Sube las escaleras y entra en la habitación principal. La alfombra está llena de pelusa y los muebles están viejos. Casi tanto como él. Su esposa duerme con el rostro volteado hacia la puerta. Tiene la boca cerrada y emite ronquidos muy leves. Casi insonoros. Manuel entra en el baño y se remoja la cara. Se quita las lagañas de los ojos y se mira en el espejo. Una barba incipiente gris le crece en las mejillas. Ya tiene sesenta y cinco años. Su mujer tiene casi la misma edad. La ve dormir desde el espejo del baño.
Le da un trago a la cerveza y enciende un cigarro. Exhala el humo de la primera fumada contra el cristal del espejo. Lo apaga con el agua del lavabo y lo arroja al retrete. Sale del baño y se sienta en el lado izquierdo de la cama, mirando hacia la puerta.

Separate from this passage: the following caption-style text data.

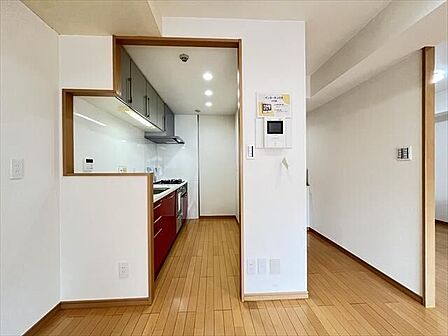 独立型のキッチンなので、リビングは広々と使って頂けます。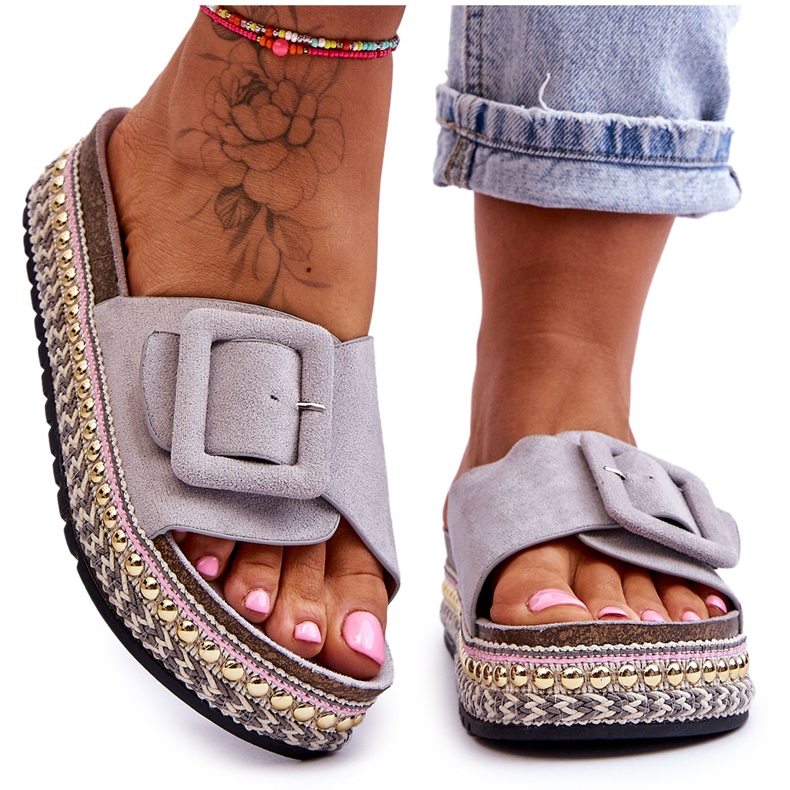 Sandales pour femmes sur une plate-forme décorée Gris Joyce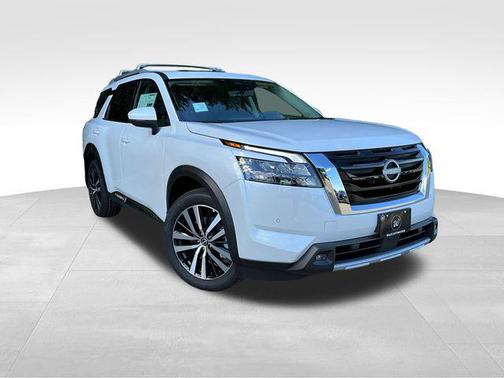 2025 Nissan Pathfinder Platinum 4WD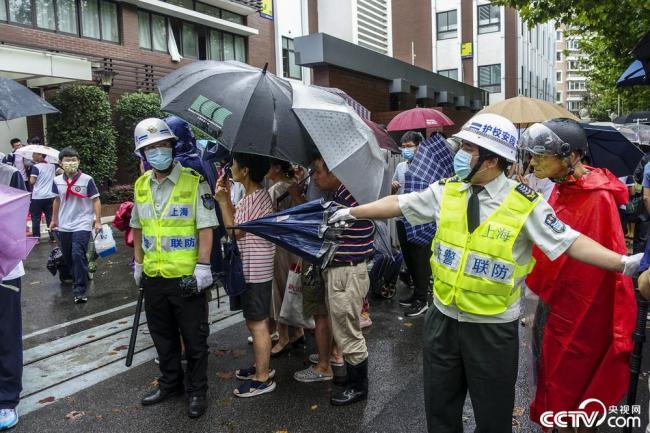 防御台风灿都 上海中小学停课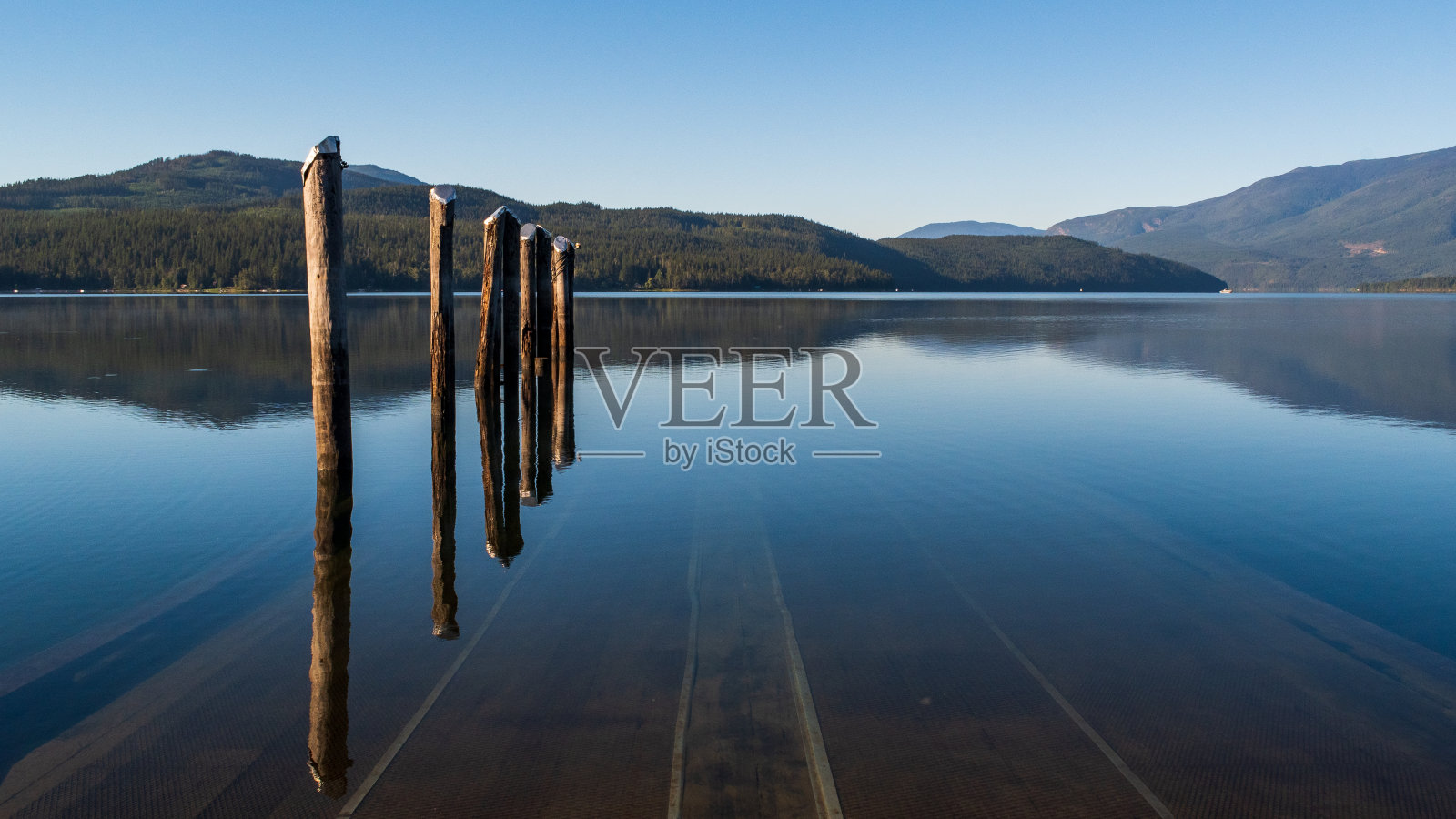 加拿大不列颠哥伦比亚省塞莫尔湾照片摄影图片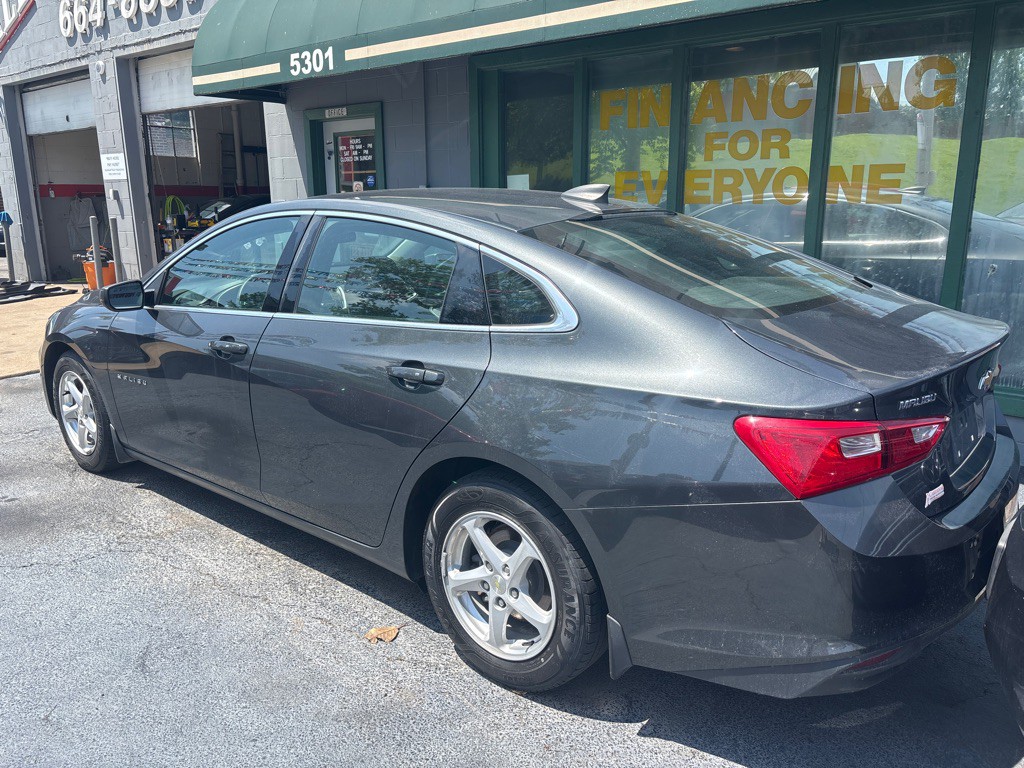 2017 Chevrolet Malibu Image 5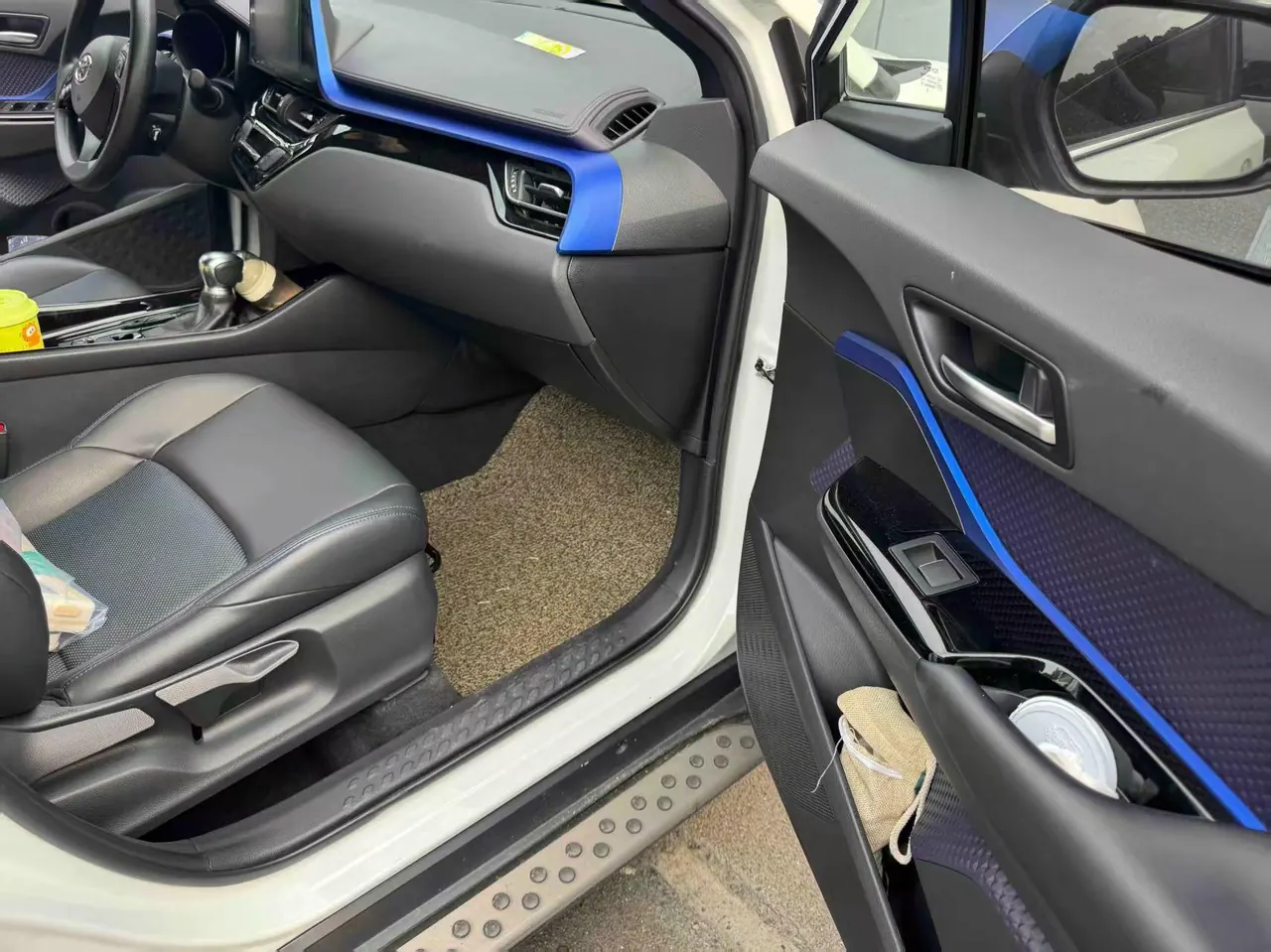 Toyota 2020 C- HR 2.0 stepless leading version of automatic gear 3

Un rayo de luz se filtra a través de las cortinas e ilumina la chapa metálica del ropero de madera. Es un lugar muy tranquilo… su habitación. Piensa que podría pasarse ahí todo el día. Lo ha hecho muchas veces durante los últimos años.
Abre el cajón del taburete que está junto a su cama. Saca la pistola semiautomática y la caja de balas. Extrae el cargador y lo llena. Cuando ha puesto diez balas lo reintroduce en la pistola. Se escucha un clic. En ese momento se enciende automáticamente la radio del despertador. Manuel olvidó desactivarlo. Suena a poco volumen. Un comentarista habla acerca de una joven a la que lincharon en la plaza principal de un pueblo… por asaltar y después asesinar a un taxista. El mundo se está volviendo loco y a nadie parece importarle un carajo.
Manuel se agacha y desconecta el despertador. El ruido ha despertado a su esposa. Lo mira sin decir nada. Él voltea escondiendo la pistola debajo del edredón.
– Hola – dice ella.
– Hola – responde él.
– ¿Quién eres?
– Soy Manuel… tu esposo.
Lo mira detenidamente… y de repente se acuerda.
– Ah sí… Manuel. ¿Qué hora es, mi amor?
– Temprano.
El AMBIEN hace su efecto y la esposa de Manuel empieza a cerrar los ojos.
– ¿Qué vamos a hacer hoy? ¿Vamos a ver a Manuelito?
– Sí; creo que sí. Ahora duerme.
Le acaricia la mejilla y ella esboza una sonrisa antes de volver a quedarse dormida.
Manuel se da la vuelta y guarda la caja de balas en el cajón. Saca su cartera del bolsillo, la abre y mira la foto de su hijo. Una que le tomó antes de la quimioterapia. Un par de años antes de que muriera. Sostiene un diploma y lleva puesta su chamarra de la universidad. Se ve feliz.
Guarda la foto en el bolsillo de su camisa, junto a la nota que escribió en una servilleta durante la noche.
Deja la cartera sobre la cama y se asoma por la ventana. Ya dejó de llover y hay una luz en lo alto de la montaña. Alumbra una brecha de terracería y Manuel piensa que así debe ser el camino al infierno. Solitario.
Los cuatro hombres y el ejecutor judicial caminan hacia su puerta. Gaspar Santiago los mira desde lejos, sentado en la defensa de su automóvil.
Manuel regresa a la cama y se sienta en el mismo lugar que antes. Vuelve a poner su cartera en el pantalón, quita el seguro de la pistola y retrae la corredera. Se escucha un chasquido. Toma una buena bocanada de aire, se termina la cerveza de un trago, da la vuelta hacia donde duerme su esposa, le coloca una almohada encima de la cabeza y aprieta el gatillo.